● **YOUR GOAL**
The required output holds only the lines from the one containing "Bearded owl sitting" through the end of the material below, copied exactly, please, with no pictures.

● **DATA**
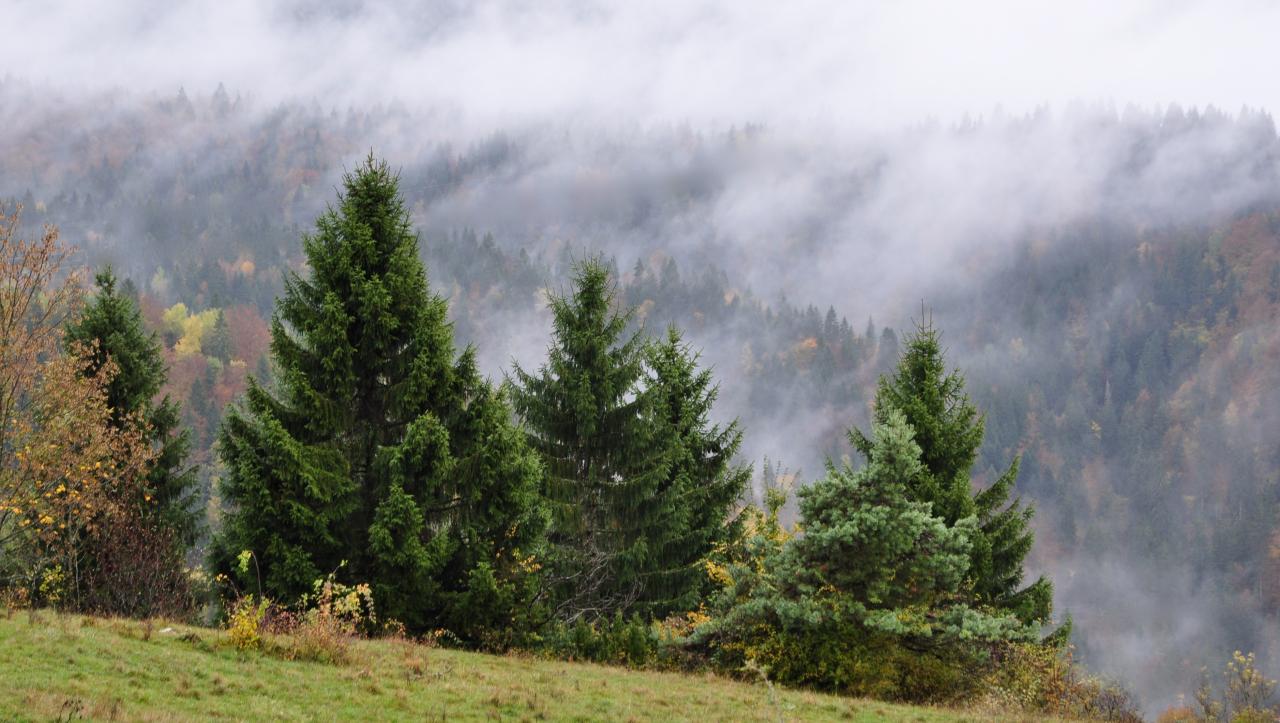 Cinquetral - Jura - Octobre 2016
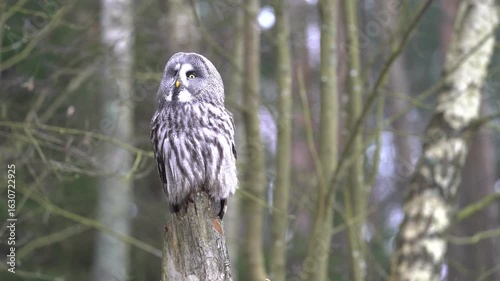 Bearded owl sitting on an old tree stump in the middle of a winter forest.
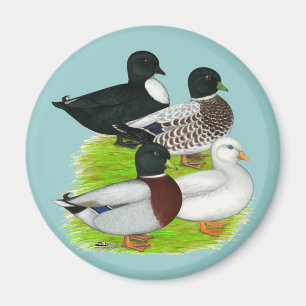 Ducks: Call Quartet Magnet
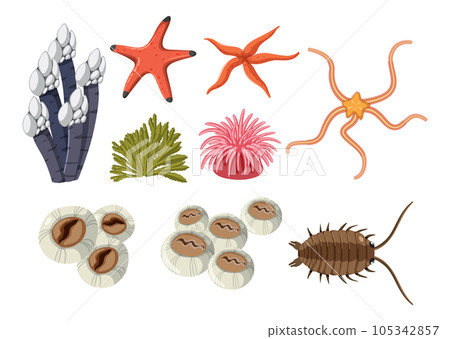 Rocky shore animals collection Rocky shore animals collection 105342857
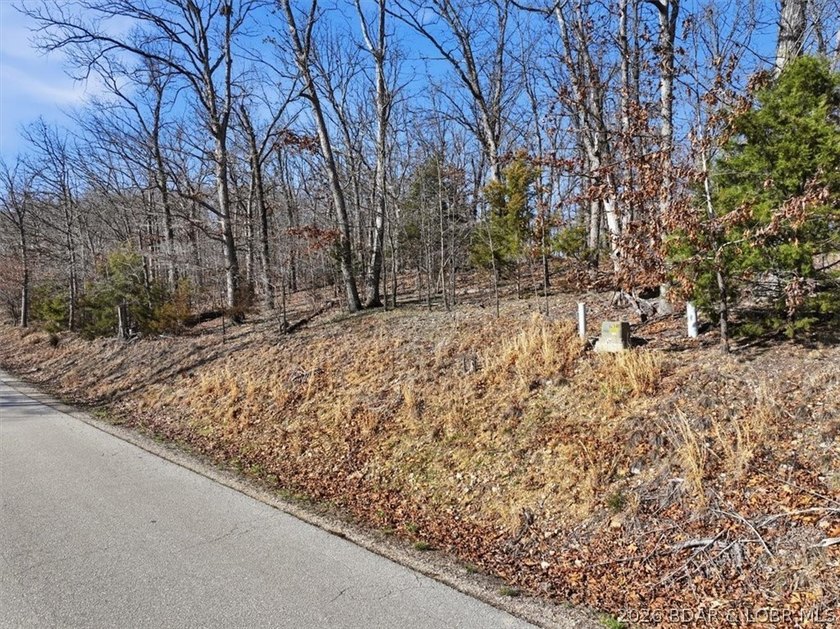 Exceptional vacant lot with beautiful direct water views located - photo 10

● **RESPONSE TO THIS EXERCISE**
 Bearded owl sitting on an old tree stump in the middle of a winter forest.
 Ducks: Call Quartet Magnet
 Rocky shore animals collection Rocky shore animals collection 105342857
 Exceptional vacant lot with beautiful direct water views located - photo 10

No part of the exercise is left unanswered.